Nowadays you see more and more JSON.  JSON is an elegant data serialization format that was designed for the purpose it's used for.  JSON is human-readable and is the native format for JavaScript, a language that's grown in popularity along with the web.

For example, here is a JSON string:
{
 "firstName": "John",
 "lastName": "Smith",
 "isAlive": true,
 "age": 25,
 "address": {
   "streetAddress": "21 2nd Street",
   "city": "New York",
   "state": "NY",
   "postalCode": "10021-3100"
 }
}

The same string with XML-RPC encoding looks like:
<struct>
  <member>
    <name>firstName</name>
    <value>
      <string>John</string>
    </value>
  </member>
  <member>
    <name>lastName</name>
    <value>
      <string>Smith</string>
    </value>
  </member>
  <member>
    <name>isAlive</name>
    <value>
      <boolean>1</boolean>
    </value>
  </member>
  <member>
    <name>age</name>
    <value>
      <i4>25</i4>
    </value>
  </member>
  <member>
    <name>address</name>
    <value>
      <struct>
        <member>
          <name>streetAddress</name>
          <value>
            <string>21 2nd Street</string>
          </value>
        </member>
        <member>
          <name>city</name>
          <value>
            <string>New York</string>
          </value>
        </member>
        <member>
          <name>state</name>
          <value>
            <string>NY</string>
          </value>
        </member>
        <member>
          <name>postalCode</name>
          <value>
            <string>10021-3100</string>
          </value>
        </member>
      </struct>
    </value>
  </member>
</struct>

Because it was designed for data serialization, JSON is better suited to this task than XML, even with simple extensions for data types like with XML-RPC.

Even better than JSON, but not as popular, is YAML (the subject of another blog post some time ago) .  YAML 1.2 is backwards-compatible with JSON, and is also extensible.  With YAML you get an elegant, human-readable data serialization standard that allows itself to be extended to support application or platform types.

The above data structure looks as follows with YAML (using block style for formatting):

firstName: "John"
lastName: "Smith"
isAlive: true
age: 25
address:
  streetAddress: "21 2nd Street"
  city: "New York"
  state: "NY"
  postalCode: "10021-3100"

As with JSON, despite the lack of explicit type information, types are unambiguous and are preserved in the YAML string above.

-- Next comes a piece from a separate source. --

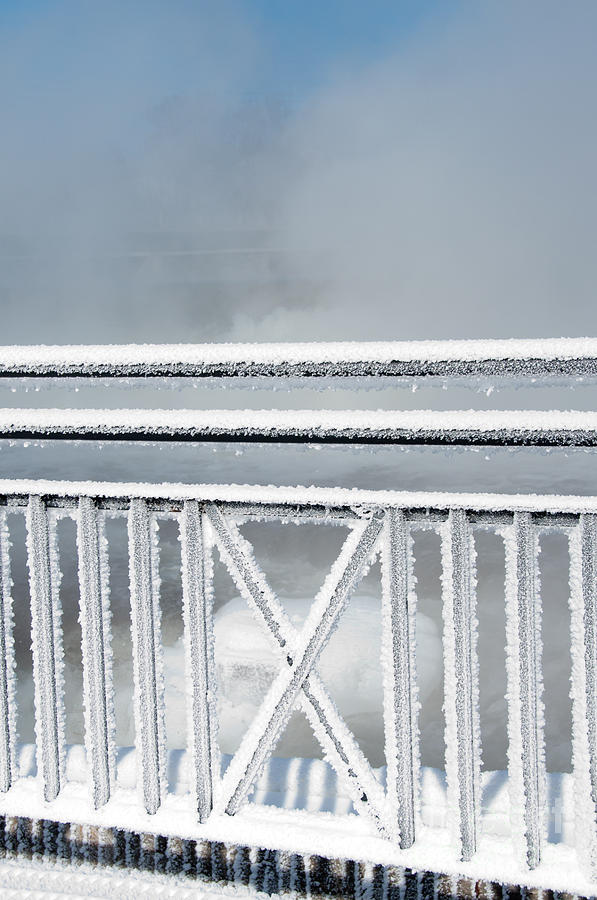 Frosty Fence #1 Photograph by Cheryl Baxter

YAML is extremely suitable for data serialization and therefore also for use in data exchange protocols.

Qore supports XML, JSON, and YAML for data serialization, but YAML is the preferred mechanism when possible to use.

Qore's YAML support is provided by the yaml module.  Qore implements a YAML-RPC protocol, which is basically JSON-RPC 1.1 but using YAML for data serialization.  Additionally, the DataStream protocol is a point-to-point protocol using YAML serialization for sending large volumes of data over HTTP with a small memory footprint.

From an engineering perspective, YAML is simple, elegant, extensible, and does a very important job very well.

While there are compelling arguments to be made for binary data serialization standards in some contexts, when you need an elegant, human-readable data serialization approach, I would highly recommend taking a look at YAML.